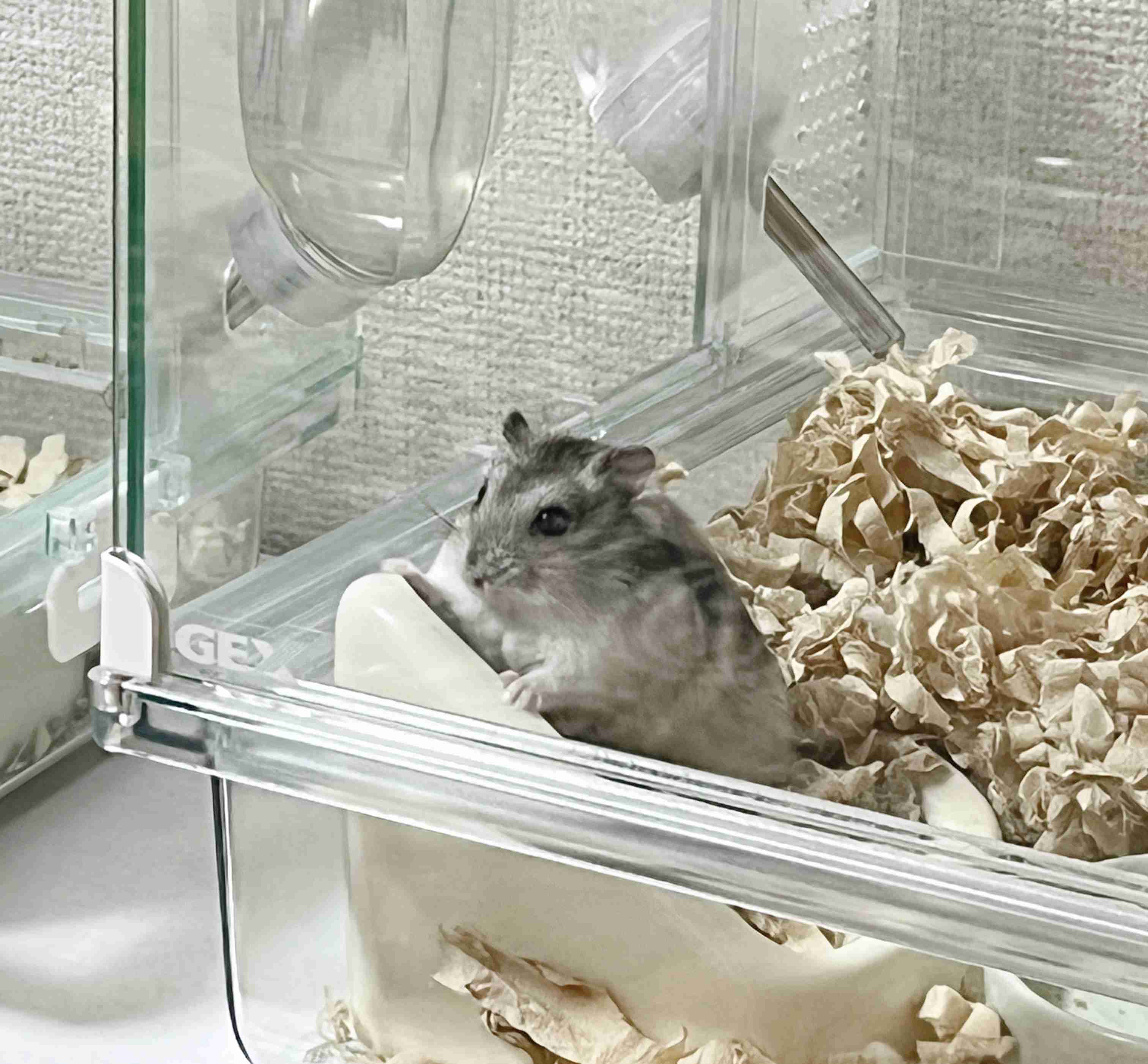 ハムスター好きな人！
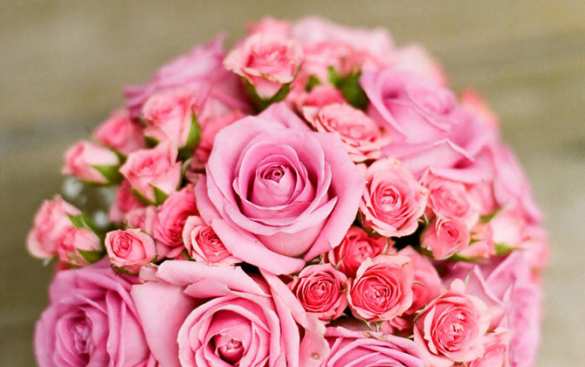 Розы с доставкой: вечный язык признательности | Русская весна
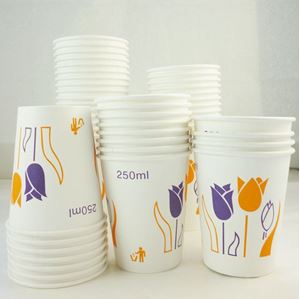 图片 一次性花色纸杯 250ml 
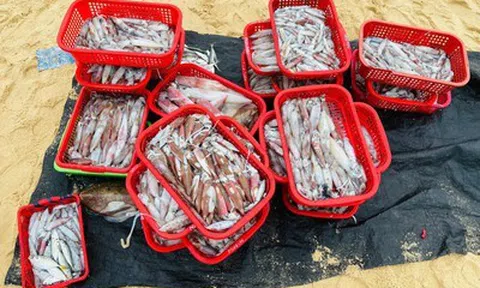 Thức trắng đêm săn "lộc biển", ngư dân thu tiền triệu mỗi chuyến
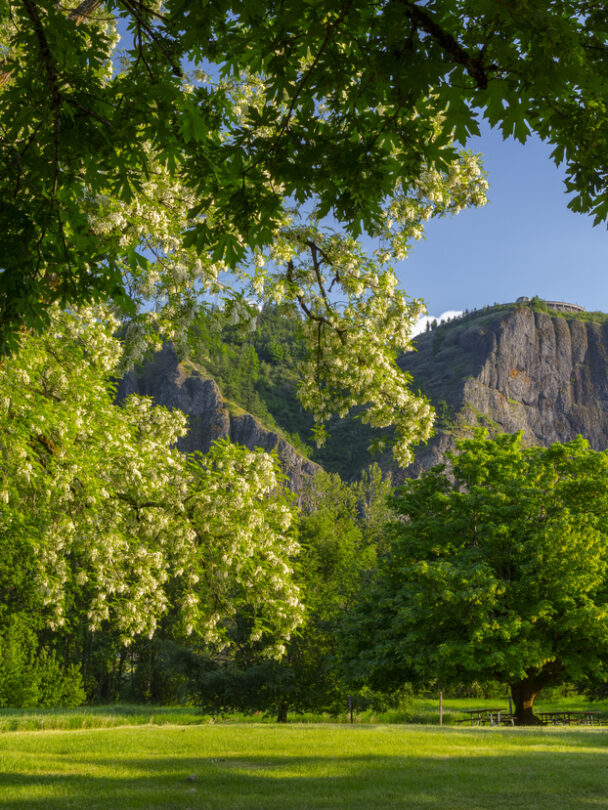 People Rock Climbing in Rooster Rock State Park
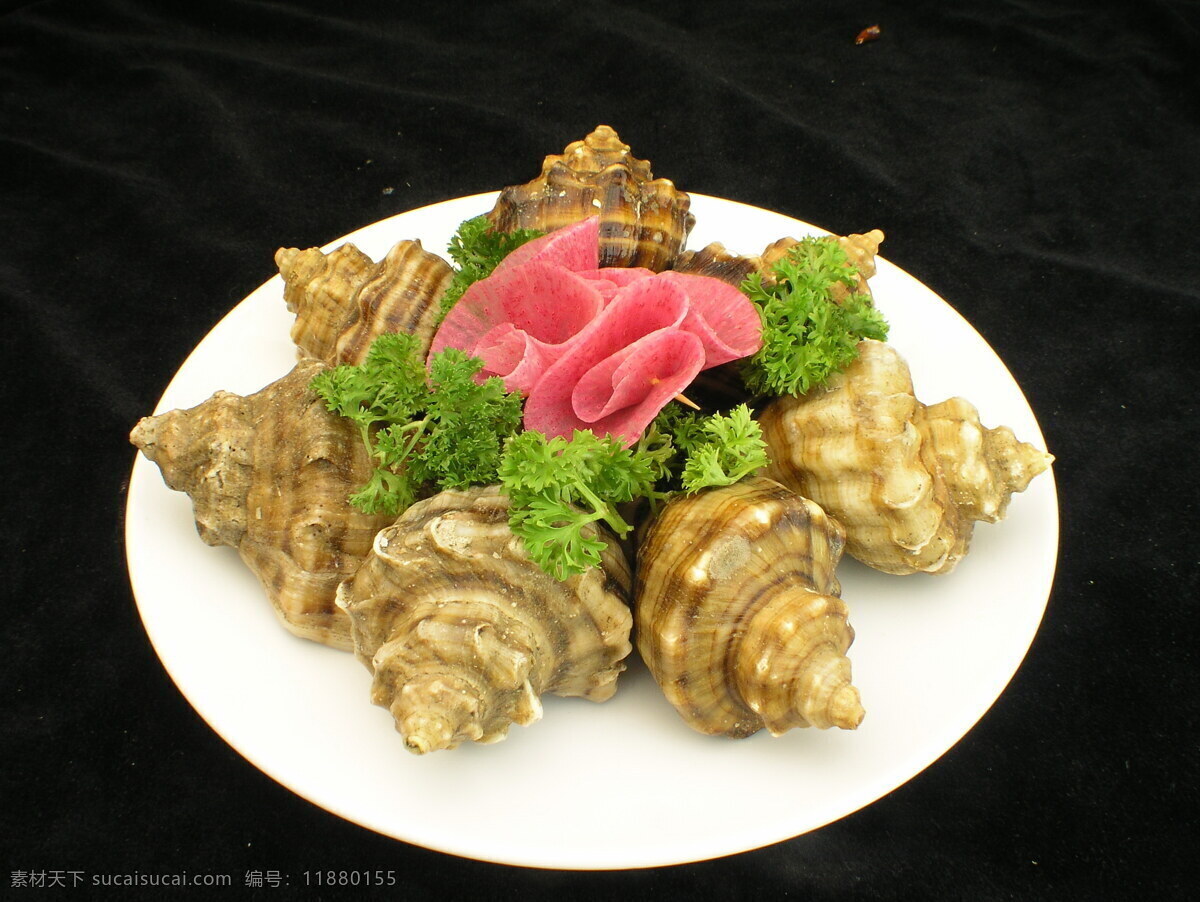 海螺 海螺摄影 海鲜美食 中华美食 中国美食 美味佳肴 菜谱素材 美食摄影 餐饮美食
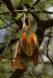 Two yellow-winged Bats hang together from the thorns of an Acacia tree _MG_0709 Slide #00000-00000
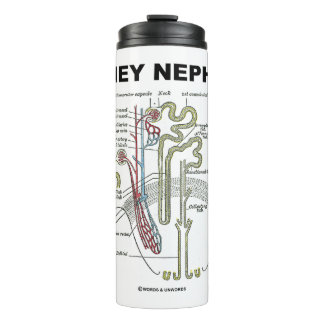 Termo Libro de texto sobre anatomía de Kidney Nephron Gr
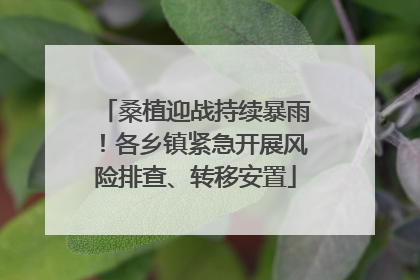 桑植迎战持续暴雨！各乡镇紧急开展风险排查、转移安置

§ §

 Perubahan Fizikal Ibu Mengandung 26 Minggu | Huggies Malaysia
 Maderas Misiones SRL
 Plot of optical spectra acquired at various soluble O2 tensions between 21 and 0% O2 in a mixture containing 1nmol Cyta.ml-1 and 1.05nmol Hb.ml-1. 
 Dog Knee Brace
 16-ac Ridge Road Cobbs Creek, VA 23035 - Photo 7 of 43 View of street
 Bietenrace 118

§ §

Exercise brief.
In the listing above, find the line with "Termo Libro de" and output it and every line after it up to and including the line with "桑植迎战持续暴雨！各乡镇紧急开展风险排查、转移安置", exactly, minus the pictures.

Written solution.
 Termo Libro de texto sobre anatomía de Kidney Nephron Gr
 桑植迎战持续暴雨！各乡镇紧急开展风险排查、转移安置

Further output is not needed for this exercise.